Louisa Bearpaw’s house was dark, one light on over the porch. A sheriff’s department Pathfinder was parked in the front yard next to a dusty Dodge Caravan. I pulled up next to the station wagon, the marshals right behind me. We all got out of our cars and walked to the front door. Down the street, unseen, dogs started barking, and farther off, a rooster answered with a raucous crow.
I knocked on the door, three hard raps. For a moment, it was silent within. Then a woman’s voice, heavy with sleep, called out, “Who’s there?”
“Luke Garrison, Mrs. Bearpaw,” I announced through the closed door. “The special prosecutor.”
I heard some fumbling around inside; then the door opened. She was wearing a light cotton robe, wrapped tight around her. Her hair was unbraided, she was barefoot, wore no makeup.
“What’s up?” she asked, peering through slit eyes at the six of us, four in uniform.
“Is your son Wayne here?” I asked, looking into the house over her shoulder.
“He’s sleeping. He worked late last night.”
“Can we come in?”
She could tell from my look and tone that no was not an option. “Okay,” she said, stepping aside so we could enter her small living room. “I’ll put coffee on.”
“Don’t bother.” This from Fishell. “Would you wake your son up, please?”
She stared at him, hands on hips. “Who are you?” She turned to me. “Who’s he?”
“He’s the attorney general of California. Now would you wake up Wayne and tell him to come in here?”
She cocked her head, gave me a quizzical, confrontational look. “What’s this all about, Mr. Garrison? What’s going on?”
“Get your son,” I said curtly. “I’ll explain when he’s here.”
She turned and walked to the back of the house.
One of the male marshals leaned in to Fishell. “I’ll be outside,” he said quietly.

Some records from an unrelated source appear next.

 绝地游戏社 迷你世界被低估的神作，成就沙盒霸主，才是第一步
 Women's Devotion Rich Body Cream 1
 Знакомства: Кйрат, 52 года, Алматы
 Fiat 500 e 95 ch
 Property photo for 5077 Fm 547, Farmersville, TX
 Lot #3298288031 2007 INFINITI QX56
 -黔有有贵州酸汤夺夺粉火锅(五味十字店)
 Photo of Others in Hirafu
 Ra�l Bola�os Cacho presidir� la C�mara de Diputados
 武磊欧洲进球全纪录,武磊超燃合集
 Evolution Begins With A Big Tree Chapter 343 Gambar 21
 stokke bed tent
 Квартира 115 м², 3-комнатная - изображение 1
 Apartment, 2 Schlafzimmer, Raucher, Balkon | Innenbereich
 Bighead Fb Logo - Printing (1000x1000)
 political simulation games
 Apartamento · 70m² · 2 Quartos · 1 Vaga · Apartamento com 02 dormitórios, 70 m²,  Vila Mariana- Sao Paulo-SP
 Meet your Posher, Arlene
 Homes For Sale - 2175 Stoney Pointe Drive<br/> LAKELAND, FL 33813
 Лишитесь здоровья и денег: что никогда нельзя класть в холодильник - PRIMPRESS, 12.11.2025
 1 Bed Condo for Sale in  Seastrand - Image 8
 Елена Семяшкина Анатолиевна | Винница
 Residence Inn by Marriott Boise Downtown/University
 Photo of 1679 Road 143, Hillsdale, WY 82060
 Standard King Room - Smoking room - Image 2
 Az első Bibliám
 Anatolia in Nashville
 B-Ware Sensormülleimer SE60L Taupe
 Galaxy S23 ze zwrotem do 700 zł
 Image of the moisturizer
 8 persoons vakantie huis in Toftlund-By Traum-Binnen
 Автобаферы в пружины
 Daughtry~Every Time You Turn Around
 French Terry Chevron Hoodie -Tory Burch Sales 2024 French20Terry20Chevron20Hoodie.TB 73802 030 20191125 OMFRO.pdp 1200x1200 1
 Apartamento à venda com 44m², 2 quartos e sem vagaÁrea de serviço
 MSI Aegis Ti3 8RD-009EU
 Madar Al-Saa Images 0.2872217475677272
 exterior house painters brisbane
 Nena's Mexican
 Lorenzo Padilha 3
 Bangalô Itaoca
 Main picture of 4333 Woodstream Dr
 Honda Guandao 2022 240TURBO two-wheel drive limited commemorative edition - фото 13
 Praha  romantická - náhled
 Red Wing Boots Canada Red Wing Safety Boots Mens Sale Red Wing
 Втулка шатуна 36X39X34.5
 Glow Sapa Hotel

Fishell nodded. The man let himself out, softly closing the door behind him.
I could hear Louisa’s voice coming from a bedroom in the back of the house. Then silence.
Fishell and I exchanged a glance. “Mrs. Bearpaw?” I called. “What’s going on?”
The three remaining marshals unsnapped their holsters, put their hands at the ready on the butts of their automatics.
Another thirty or forty seconds went by; then she came back into the living room. “He isn’t there,” she said with a look of surprise. “He mustn’t have come home last night.”
“Mind if we take a look?” Fishell asked. He nodded to the marshals.
She hesitated for a moment, then said, “Go ahead.”
Fishell and I waited in the living room with Mrs. Bearpaw while the marshals headed for the back.
“He isn’t here,” she repeated in an angry voice. “Don’t you believe me? What’re you doing here, anyway, this time of the morning?” She glared at me.
“You’ll know, soon enough.”
“I should call Sheriff Miller about this.” She went to pick up the telephone.
“I’d prefer you didn’t,” I said, placing my hand over the telephone.
She bristled. “Now look, Mr. Special Prosecutor. This is my house and I can do anything I want in it.”
From the rear of the house, one of the marshals called out, “He isn’t here.”
“See?” The woman was in my face. “Now I want you and all of you—”
The roar of a gun being fired shook the house like an earthquake tremor. We all ran outside.
The trail marshal had his magnum pressed up against Wayne Bearpaw’s ear. He pushed the deputy rudely against my car.
“Spread ’em,” the marshal barked. “Now.” He grabbed Bearpaw by the belt and jerked him back, placing a leg against the deputy’s thighs, spreading his legs. With a practiced move he snapped handcuffs on Bearpaw’s wrists, behind his back. Bearpaw was bleeding from the left shoulder. A 9mm automatic lay on the ground nearby.
“He had the weapon in his hand, he was ready to fire,” the marshal explained.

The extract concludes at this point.